One of the most important battles of the Civil War, therefore, would be fought not in the fields of Virginia or along the riverbanks of the Mississippi, but in the diplomatic circles of Europe. Several months earlier, Secretary of State William Seward had proposed that North and South reunite themselves by making common cause against a foreign enemy. Although President Abraham Lincoln rejected this idea, he gave Seward tremendous leeway in conducting foreign policy. This was possible in large part because the mission was so clear: keeping Britain and France from aligning themselves with the Confederacy.

By the end of October 1862, Napoleon III was trying to rally the European powers in support of an armistice in America, a cease-fire that would have aided the South enormously and laid foundation for the international community to recognize Confederate independence. The proposal was poorly timed. Following Antietam, Britain was more hesitant than ever to oppose the Union.

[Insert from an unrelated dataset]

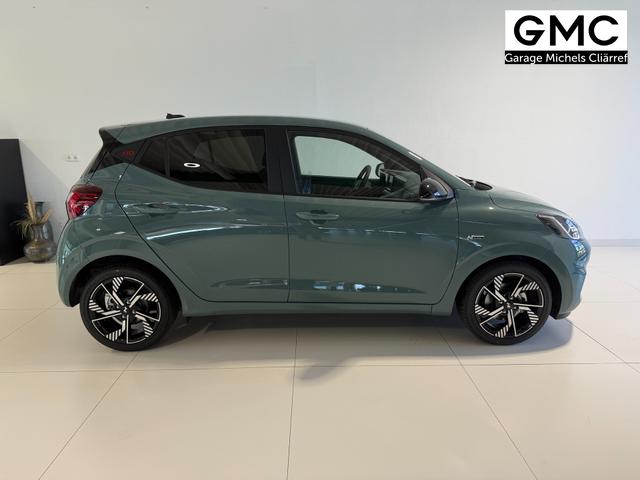 Hyundai i10 N Line Mangrove Green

In addition, Lincoln had used the victory to announce his Emancipation Proclamation, a document that highlighted the Civil War’s moral dimension and attracted many Europeans to the Northern cause.

In November, Britain once again turned down French pleadings. For nearly two years, the Lincoln administration had believed that Britain posed a greater threat to its interests. But by 1863, France had become the far more dangerous foreign power.

Nowhere was this more apparent than in Mexico, where Napoleon III was determined to avenge the catastrophe of at Puebla and overthrow the republican government. He quickly reinforced his Mexican operation with 30,000 troops. They rolled over Puebla in March and captured Mexico City in June. All along, the French had lied to the United States about their intentions in Mexico, assuring the Lincoln administration that they aimed to do nothing more than collect their debts from Mexico…

“Truthfulness is not, as you know, an element in French diplomacy or manners,” said William Lewis Dayton, the U.S. minister in Paris.

Yet the Americans were not in position to stop them. Lincoln had little choice but to stick to his doctrine of fighting “one war at a time.” Even so, Seward circulated a document declaring that the United States would not tolerate “any person not of Mexican nationality” on the Mexican throne.

Neither would the Mexican. “The imperial (French) government has decided to humiliate Mexico and impose her will on it,” said president-in-exile Benito Juarez, a Zapotec Indian. “I can assure you… the imperial government will not succeed in subjugating the Mexicans, and its armies will not have a single day of peace.”

Despite he threats of Seward and Juarez, Napoleon III did not waste a moment implementing the next phase of his “Grand Design.” He continued his policy of deception, announcing at one point that “it is contrary to my interest, my principles, or my origin to impose any kind of government whatsoever on the Mexican people.”
He was in fact finalizing plans to send a handpicked lackey to sit on his Mexican throne. He settled on the hapless Archduke Ferdinand Maximilian of Austria. A kindly indecisive man whose only previous experience in governance was commanding his gardeners around his estate near Trieste, he was all of thirty-one when his wife, the Archduchess Carlotta, set sail for their imperial future.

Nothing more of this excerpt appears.